A Itália confirmou que a Base Aérea de Trapani-Birgi, na Sicília, será transformada no primeiro centro de treinamento internacional do caça furtivo F-35 localizado fora dos Estados Unidos, uma decisão que reflete diretamente a rápida expansão da frota europeia do Lightning II e a crescente necessidade de formação de novos pilotos.
O anúncio posiciona o país como um dos principais pilares do ecossistema operacional, industrial e de capacitação do programa F-35 no continente europeu, em um momento em que diversos aliados aceleram a introdução da aeronave de quinta geração em suas forças aéreas.
Segundo o Ministério da Defesa italiano, o projeto será conduzido sob a supervisão do F-35 Joint Program Office e da Lockheed Martin, com o início do treinamento em solo previsto para dezembro de 2028 e a conclusão do complexo dedicado, denominado Lightning Training Centre, planejada para julho de 2029.
Autoridades italianas indicam que o investimento aprovado para a iniciativa ultrapassa €110 milhões e inclui a instalação de simuladores de missão completa, considerados essenciais para o treinamento avançado do F-35, dada a complexidade de suas operações baseadas em fusão de sensores, guerra em rede e emprego conjunto com outras plataformas.
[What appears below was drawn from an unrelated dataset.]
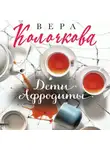 Вера Колочкова - Дети Афродиты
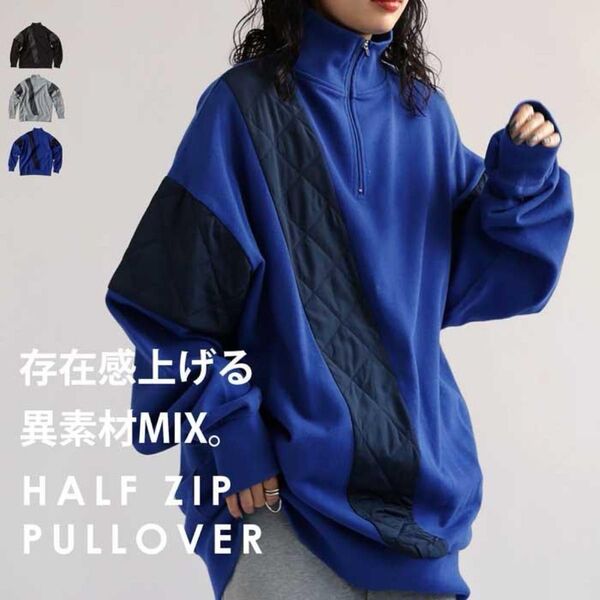 価格変更! antiqua アンティカ ハーフジッププルオーバー ブルー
A criação de um centro europeu ocorre em um contexto de forte pressão sobre a capacidade de formação atualmente concentrada nos Estados Unidos. Bases como Luke AFB, no Arizona, historicamente responsável por treinar a maioria dos pilotos de F-35 do mundo, operam com agendas cada vez mais disputadas à medida que países como Alemanha, Finlândia, Polônia, Bélgica, Suíça e República Tcheca avançam em seus programas. Embora os Estados Unidos estejam ampliando a infraestrutura de treinamento, incluindo novas iniciativas em bases da Guarda Nacional, a demanda continua crescendo em ritmo acelerado, o que torna estratégica a descentralização parcial desse processo para a Europa.
A escolha de Trapani-Birgi também reforça o papel da Itália como um dos principais nós do programa F-35 fora dos EUA. Além de já operar o caça a partir das bases de Amendola e Ghedi, o país abriga em Cameri uma das poucas instalações de montagem final, check-out e manutenção pesada do F-35 em escala global. Esse complexo industrial é responsável tanto pela montagem de aeronaves destinadas a clientes europeus quanto por atividades de manutenção, reparo e modernização, inclusive de jatos norte-americanos baseados no continente. Com a adição de um centro internacional de treinamento, a Itália passa a concentrar produção, suporte logístico e formação de pilotos em um mesmo eixo estratégico.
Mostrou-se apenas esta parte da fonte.